Amazon Cognito discovery

  • Rversion finale: Australia
  • Mis à jour 12 mars 2026
  • 3 minutes de lecture

    • The ServiceNow Discovery and Service Mapping applications use the Amazon AWS Cognito pattern to provide authentication, authorization, and user management functions for AWS customers. Discovering some of these resources may require updating to the latest version of the Discovery and Service Mapping Patterns application from the ServiceNow Store.

    You can use this pattern on the ServiceNow AI Platform using London Patch 8, Madrid Patch 2, or later releases.

    Request apps on the Store

    Visit the ServiceNow Store to view all the available apps, and for information about submitting requests to the store. For cumulative release notes information for all released apps, see the ServiceNow Store version history release notes.

    Prerequisites

    User permissions
    Provide user with read-only permission to run the following API:
    • https://cognito-idp.<region>.amazonaws.com
    • Method: POST
    • Body: {\"MaxResults\": 10}
    • Headers: X-Amz-Target:AWSCognitoIdentityProviderService.ListUserPools,Content-Type:application/x-amz-json-1.0
    AWS Credentials
    On your instance, configure credentials of type AWS Credentials and set to Active.
    Cloud service account
    On your instance, configure the cloud service account of type AWS Datacenter and set to AWS account ID. Use the credentials defined in the preceding AWS Credentials.
    Discovery schedule
    Create a cloud application schedule for discovering AWS Cognito and configure the attributes. Set Discovery to Cloud application.
    Execution pattern
    Create and define the serverless execution pattern for cloud application discovery.
    1. Create new Cloud Execution Patterns.
    2. Define Name.
    3. Verify that Active is true.
    4. Verify that Domain is global.
    5. Choose the AWS pattern you want to run.
    6. Create multiple records if you want to run more than one pattern.
    Discovery schedule for full AWS discovery
    Create a discovery schedule from your Cloud service account created in the earlier procedure.
    1. Click on Discover Datacenter and wait for it to finish.
    2. Click Create Discovery Schedule.
    3. This new schedule is created under the Discovery Schedule and runs all AWS patterns.

    Verify the REST API Permissions

    Download the Cloud Discovery patterns spreadsheet so you can grant user permissions required for running the Discovery patterns. In addition to permissions, the spreadsheet also includes useful information such as pattern names, types, CI Classes, and links to vendor documentation. New patterns are available quarterly, so check periodically to be sure you have the latest version of the spreadsheet.

    Remarque :
    You can test the AWS REST APIs using Postman API platform. For more information, see the How to test AWS REST API using POSTMAN [KB0782183] article in the Now Support Knowledge Base.

    Data collected by Discovery and Service Mapping during horizontal and top-down discovery

    The AWS Cognito pattern collects data.

    Tableau 1. Collected information from the AWS Cognito pattern
    Field Description
    Main CI: cmdb_ci_cloud_authentication
    name A descriptive name used to identify the user pool.
    object_id This is equal to the account_id and used by IRE identification rules.
    Fqdn Example of an ARN: arn:aws:cognito-idp:eu-west-1:751200741520:userpool/eu-west-1_fim5E2mix

    Tags are also being collected by an extension section that runs following the pattern.

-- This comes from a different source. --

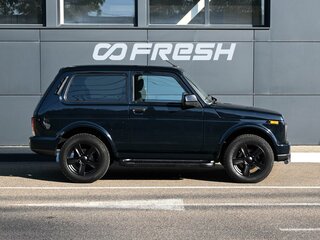 2024 Lada (ВАЗ) Niva Legend I, зелёный, 930000 рублей, вид 5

The tagging API for AWS specifies the resource type Cognito.

    Tableau 2. Collected information from the AWS Cognito tags
    Field Description
    cmdb_key_value
    key The actual tag key.
    value The tag value.
    configuration_item The unique resource ID (ARN) that identifies the resource in the AWS console.

    CI relationships

    The AWS Cognito pattern creates the following CI relationship.
    CI Relationship CI
    Cloud authentication [cmdb_ci_cloud_authentication] Hosts:Hosted on Logical datacenter [cmdb_ci_logical_datacenter]

    Troubleshooting

    If the mapping process does not proceed as you expected, follow the following suggestions.
    Symptom Cause Solution
    Discovery fails. The discovery message contains the information about an error caused by the REST timeout. There are many CIs sending the REST call response in the deployment. The MID Server cannot process the REST call response without exceeding the time limit controlled by the mid.sa.cloud.request_timeout parameter. By default, the mid.sa.cloud.request_timeout parameter is set to 30000 milliseconds.
    Increase the value of this parameter on the relevant MID Server and run discovery again.
    Remarque :
    If the Configuration Parameters related list for the relevant MID Server does not show this parameter, you may need to add it.
    Pattern Designer fails during a debug session. The Pattern Designer message contains information about an error caused by a timeout. The Pattern Designer fails because of a timeout during pattern debugging (and not during discovery). By default, the sa.debugger.max_timeoutparameter is set to 240 seconds.

    Increase the value of this parameter on the relevant MID Server.